County Underestimates Value of Its Own E-mail Records
Some public agencies don't realize that in litigation their own good records can be their best defense.
Commonly a defendant in a lawsuit is reluctant to search through its e-mails – and incredulous that a court would force it to dig deep for them. In Toussie v. County of Suffolk, 2007 WL 4565160 (E.D.N.Y. Dec. 21, 2007), a New York county made the process of e-discovery excessively difficult and expensive for itself.
Plaintiffs sued the county for allegedly barring them from participation in a real estate auction to which they were entitled. After the lawsuit started, the county did a poor job of preserving its e-mail records. Then, when the plaintiffs demanded – in the “discovery” phase of the lawsuit -- that the county search for and disclose relevant e-mail, the county faltered. It initially turned over only two e-mail records.
The plaintiffs complained repeatedly to the judge. The judge insisted that the county search for and turn over e-mail records.
Eventually, the county complied. It hired an outside e-discovery consultant, who restored 417 backup tapes, and found 2,403 pages of relevant emails and attachments. The restoration and searching of backup tapes is very expensive.
Despite this expenditure by the county, the plaintiffs were still able to show that the county had lost some relevant e-mails. The court therefore ordered the county to pay the legal costs plaintiffs incurred to force the county to conduct a thorough search for e-mail records. The court said the county should have implemented a litigation hold from the start of the lawsuit, but it didn't.
Notably, the e-mails that the county did recover tended to support the county's side of the case.
Analysis: The county would have been better served if, as a matter of policy before the dispute started, it had competently archived all of the e-mail of important employees. A good archiving system would have allowed the county to possess and easily find the relevant e-mails – including those that supported the county's position. It would have obviated the need to restore backup tapes.
Further, the archival of plentiful records would have avoided the complaint that the county had failed to implement a proper litigation hold. And that would have prevented the county having to reimburse the plaintiffs' attorneys fees.
When making a public information records request in Texas, are there any ways of checking the completeness of the information provided by the government agency? In Toussie v. County of Suffolk, 2007 WL 4565160 (E.D.N.Y. Dec. 21, 2007) the county withheld documents do you know how the absence was discovered?
Posted by: Jim Ash | February 05, 2009 at 10:14 PM
Toussie was a lawsuit, not a freedom of information request. In the e-discovery phase of the lawsuit, the county turned over only two e-mails -- which seemed suspcious. In this modern age, virtually any knid of transaction in government is likely to cause the creation of numerous e-mails. I speculate that the plaintiff in the lawsuit then complained to the court ("your honor, it strains credulity to believe that there were only two e-mails in this matter"), and then the county sorta acknowledged to the court that it had not conducted a really thorough search. This acknowledgement caused the court to act.

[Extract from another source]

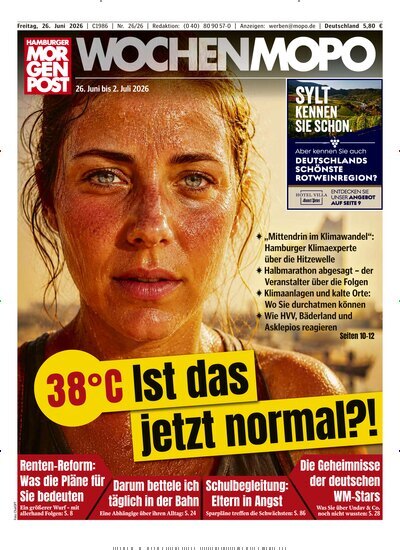 Titelbild der Ausgabe 26/2026 von Hamburger Morgenpost. Diese Zeitschrift und viele weitere Zeitungsabos als Abo oder epaper bei United Kiosk online kaufen.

With respect to Mr. Ash's FOIA question, I'll offer a speculative answer, which is not specific to Texas or any particular situation: Let's say a citizen has requested information under a FOIA and government has responded by turning over some records. I'll bet that if the citizen can show it is likely some records are missing, then the citizen can force government to conduct a further search. Ways to show records are missing might include: 1. admissions by government employees; 2. logical gaps in the records that are disclosed (e.g., the records refer to, imply the existence of or hint about other records that were not turned over; or maybe gaps in dates on documents suggest that something must have been happening during the gaps, but records were not divulged with respect the the activity during the gaps); 3. statements by other government agencies (such as other counties) that in situations like the matter in question the agencies normally possess additional records.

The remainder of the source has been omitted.